When a company pays dividends, it’s sharing some of its profits with its shareholders. Publicly traded companies are not required to pay dividends. And some of the most well-known ones don’t.

Amazon, for example, is a popular stock. But it doesn’t pay dividends. Instead, it opts to reinvest its profits in the business with the goal of growing its revenue.

But when a company does pay dividends, it’s basically giving you bonus money for being a shareholder. And those dividend payments will generally land in your brokerage account on a quarterly basis. So even if you don’t add money to your account yourself, you could still end up with more cash to invest.

Of course, you don’t have to invest your dividend payments. You could take the money and run. But a good way to grow your wealth is to reinvest that money.

Many brokerage accounts let you arrange for your dividend payments to be reinvested automatically in the companies they came from. You may want to set that up in your account so it happens seamlessly.

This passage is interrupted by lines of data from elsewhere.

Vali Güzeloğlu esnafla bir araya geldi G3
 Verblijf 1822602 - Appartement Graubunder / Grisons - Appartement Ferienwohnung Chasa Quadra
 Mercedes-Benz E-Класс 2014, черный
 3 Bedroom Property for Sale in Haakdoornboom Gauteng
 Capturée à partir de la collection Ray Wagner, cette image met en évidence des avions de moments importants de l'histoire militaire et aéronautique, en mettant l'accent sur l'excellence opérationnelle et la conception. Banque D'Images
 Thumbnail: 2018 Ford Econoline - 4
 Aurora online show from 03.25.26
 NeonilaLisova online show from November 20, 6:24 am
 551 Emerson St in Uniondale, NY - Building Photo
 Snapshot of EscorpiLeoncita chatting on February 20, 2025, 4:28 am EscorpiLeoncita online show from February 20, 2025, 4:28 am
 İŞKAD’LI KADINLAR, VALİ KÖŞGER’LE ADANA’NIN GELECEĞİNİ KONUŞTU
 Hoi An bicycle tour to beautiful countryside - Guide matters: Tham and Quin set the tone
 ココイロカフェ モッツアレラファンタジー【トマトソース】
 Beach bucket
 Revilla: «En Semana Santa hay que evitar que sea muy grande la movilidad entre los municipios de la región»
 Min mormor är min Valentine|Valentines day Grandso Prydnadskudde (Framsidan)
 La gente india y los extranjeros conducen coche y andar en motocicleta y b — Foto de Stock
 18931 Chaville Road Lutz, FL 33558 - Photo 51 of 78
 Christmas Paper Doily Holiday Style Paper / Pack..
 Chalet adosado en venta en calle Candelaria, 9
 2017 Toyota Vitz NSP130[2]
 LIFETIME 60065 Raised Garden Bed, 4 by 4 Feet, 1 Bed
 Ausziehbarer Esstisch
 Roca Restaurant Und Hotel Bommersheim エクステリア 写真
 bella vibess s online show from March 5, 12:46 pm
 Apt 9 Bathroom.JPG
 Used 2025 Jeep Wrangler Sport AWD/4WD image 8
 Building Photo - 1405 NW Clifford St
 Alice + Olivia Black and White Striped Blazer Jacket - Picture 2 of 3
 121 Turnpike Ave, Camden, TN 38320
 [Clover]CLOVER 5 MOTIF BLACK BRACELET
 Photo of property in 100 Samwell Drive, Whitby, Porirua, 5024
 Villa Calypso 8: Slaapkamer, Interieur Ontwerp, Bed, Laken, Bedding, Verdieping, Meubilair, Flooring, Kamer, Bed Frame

Look beyond dividends when choosing investments

Dividends can be a nice source of extra money in your brokerage account. If you collect enough of them, they can even serve as a source of regular income. In fact, many retirees opt to invest in dividend stocks and use those quarterly payments to cover their expenses.

But one thing you don’t want to do is buy shares of a given stock for the dividend alone. Remember, there are two ways to make money in stocks — share price growth and dividends. But a generous dividend doesn’t mean a given company is poised for growth. Some companies might stunt their growth by sharing too much of the wealth with stockholders.

That’s why you should look at the whole picture before buying stocks for the dividends alone. As one example, Pfizer has a pretty generous dividend yield of about 6%. But the stock is also down over 32% over the past five years.

Now, this doesn’t mean you should write off Pfizer. We can’t see the future, and the stock could end up being a moneymaker for people who hold it for the long haul.

The point, however, is that you can’t look at dividends alone when making decisions about which stocks to buy. But if you do find some quality stocks that happen to pay a dividend, you have a chance to open the door to more investing opportunities without having to find the money elsewhere.